The Commission has blocked funds worth €35.4 billion that Poland is due under the Recovery and Resilience Facility (RRP). To unblock the funds, Poland has been urged to address the rule of law issues, with Supreme Court reform being one of the major milestones.
“The draft (…) gives a solid basis to hope that it can terminate the unnecessary dispute,” said Prime Minister Mateusz Morawiecki, as quoted by Business Insider.
The amendment bill is based on a compromise Polish EU Minister Szymon Szynkowski vel Sęk worked out with the Commission, he added.
Parliament’s lower chamber, the Sejm, will discuss the new draft on Wednesday, with the first reading scheduled for the morning, the Polish Press Agency reports.

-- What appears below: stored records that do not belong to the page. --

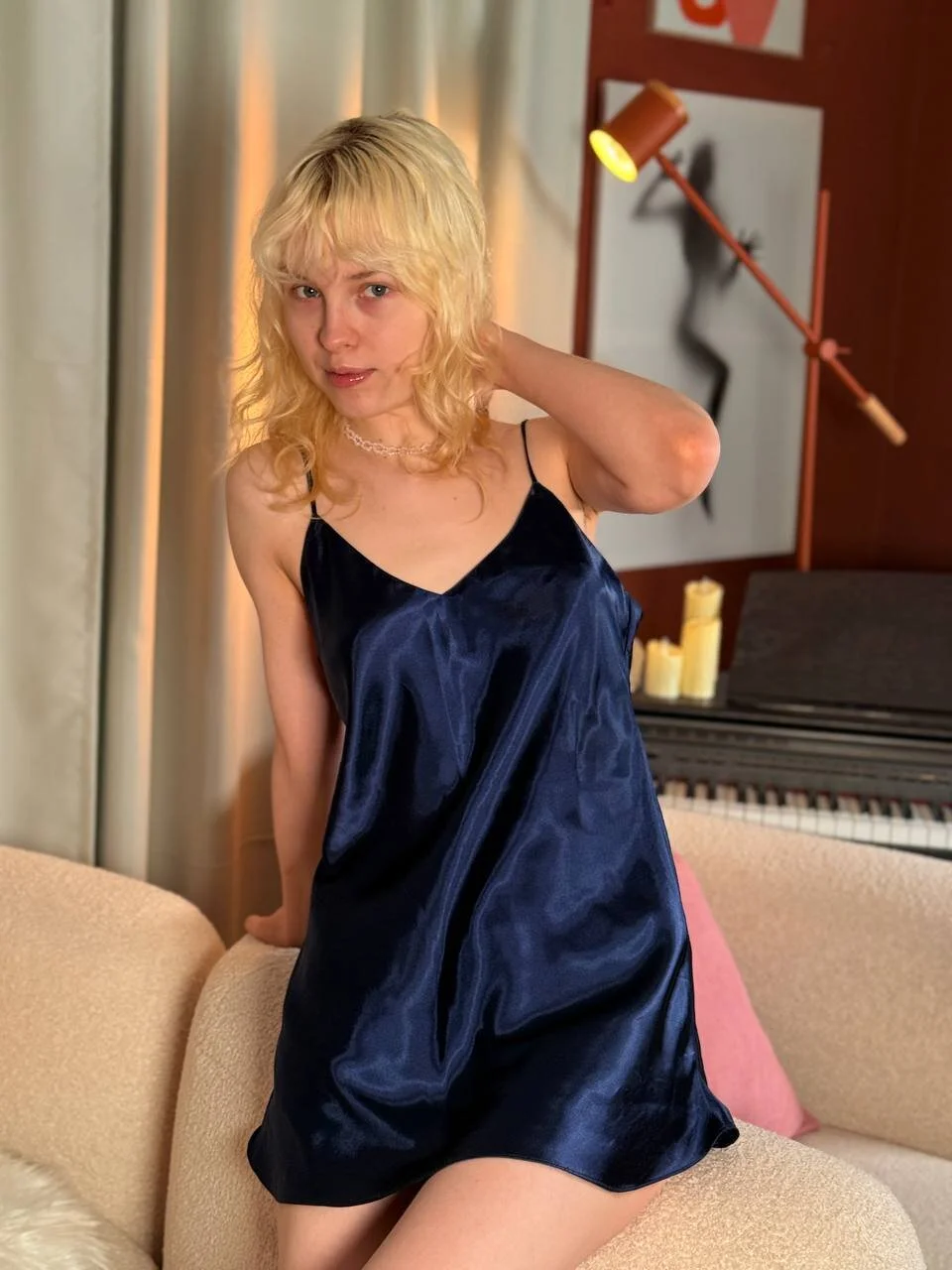 XXX Porn Photo of Nude HannahHollis 3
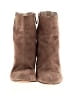 Louise Et Cie Brown Ankle Boots Size 9 - photo 2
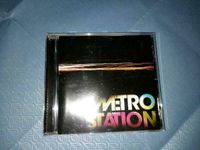 Metro Station  Musik CD Leipzig - Gohlis-Nord Vorschau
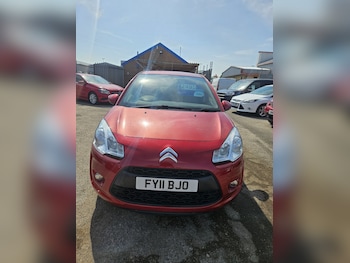 Used Citroen C3 2011 for sale - 79211376: Photo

The amendment will probably be referred to the Sejm committee for further work, said ruling Law and Justice (PiS) MP Marek Ast, quoted by the same press agency.
EU Justice Commissioner Didier Reynders called the new draft “a promising step forward to achieve compliance with the commitments under the Polish Recovery and Resilience Plan.”
“With a view to the Commission’s future preliminary assessment under the RRP, it will be important that the final law as adopted raises the standards on judicial protection and judicial independence,” he tweeted on Saturday.
The draft, which the government said resulted from a compromise and takes into account the Commission’s requirements, was submitted to the Sejm in December.
But because President Andrzej Duda insisted he had not been consulted about the new draft, it was removed from the agenda.
The judicial reforms the ruling PiS adopted since it came to power in 2015 have become a bone of contention between Poland and the Commission, with the EU Court of Justice ruling that many went against the tenet of judicial independence.
The EU even went as far as to block the EU recovery funds Poland was entitled to, with the Commission presenting a set of milestones, which included the obligation to dismantle the PiS-founded Disciplinary Chamber of the Supreme Court, which the CJEU ruled could serve as a means to punish judges critical of the government.
Last year, the executive put forward a law replacing the Disciplinary Chamber with the Chamber of Professional Responsibility – a step the Commission deemed insufficient.